Notícias

Papa agradece a jornalistas por ajudarem a esclarecer abusos dentro da Igreja

15 Nov 2021 - 18h52 | Atulizado em 15 Nov 2021 - 18h52
Papa agradece a jornalistas por ajudarem a esclarecer abusos dentro da Igreja

Neste último sábado (13), o papa Francisco agradeceu aos jornalistas por ajudarem a esclarecer e revelar os casos de abusos sexuais de menores envolvendo a igreja católica, já que esses eram casos comuns que aconteciam às escondidas do mundo.

 

Francisco relatou a importância do papel do jornalista para descobrir casos como esses e de sua “missão de jornalista." Ele ainda acredita que seria vital que os repórteres fossem mais para os seus locais de pesquisa/de investigação e vissem de perto o que acontece, pois, assim, eles seriam cada vez mais habilitados para acabar com a grande desinformação que ocorre diariamente no meio virtual."Nem tudo pode ser dito por um email, pelo telefone ou por meio de uma tela.", declara Francisco.


Papa Francisco participa de cerimônia que homenageou jornalistas por sua cobertura do Vaticano.

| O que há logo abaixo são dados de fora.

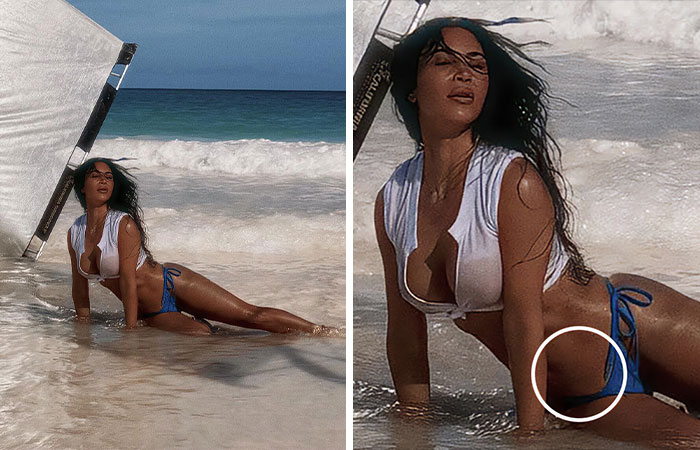 Celebrity posing on the beach with ocean waves, highlighting bizarre details noticed in celebrity photos.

Reprodução/Simone Risoluti/Imprensa do Vaticano/Reuters


Segundo o Pontífice, esses profissionais tem a tarefa de informar o mundo e amenizar o medo que existe nele. "Agradeço a vocês pelo que nos disseram estar errado na Igreja, por nos ajudar a não varrer para debaixo do tapete e pela voz que deram a vítimas de abuso", afirmou o papa.

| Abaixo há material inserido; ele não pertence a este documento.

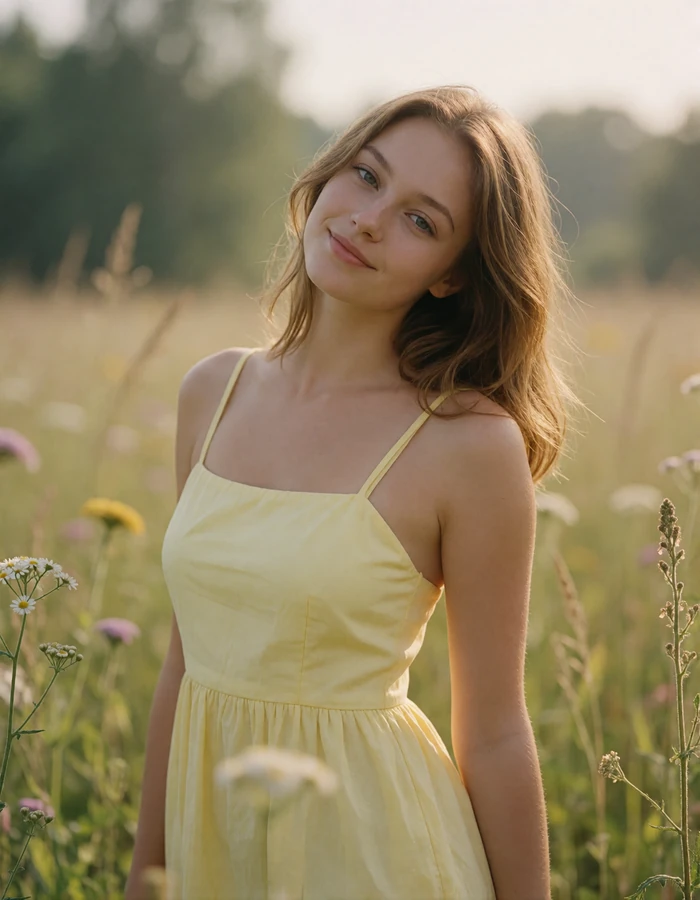 Light-brown-haired Romanian woman in a pale yellow sundress smiling in a summer meadow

As homenageadas da cerimônia foram: Philip Pullella, da Reuters, e Valentina Alazraki, da empresa mexicana, Noticieros Televisa. Elas cobriram eventos da Igreja durante longos anos de suas carreiras e receberam seu reconhecimento pot isso. Houve muitos casos de jornalistas denunciando casos de abusos sexuais por parte da Igreja e exemplos não faltam, como o caso do americano The Boston Clube, que em 2002 revelvou diversos abusos em Igrejas no país. Em 2016, sua investigação chegou a se tornar um filme e ganhar um Oscar de Melhor Filme do ano.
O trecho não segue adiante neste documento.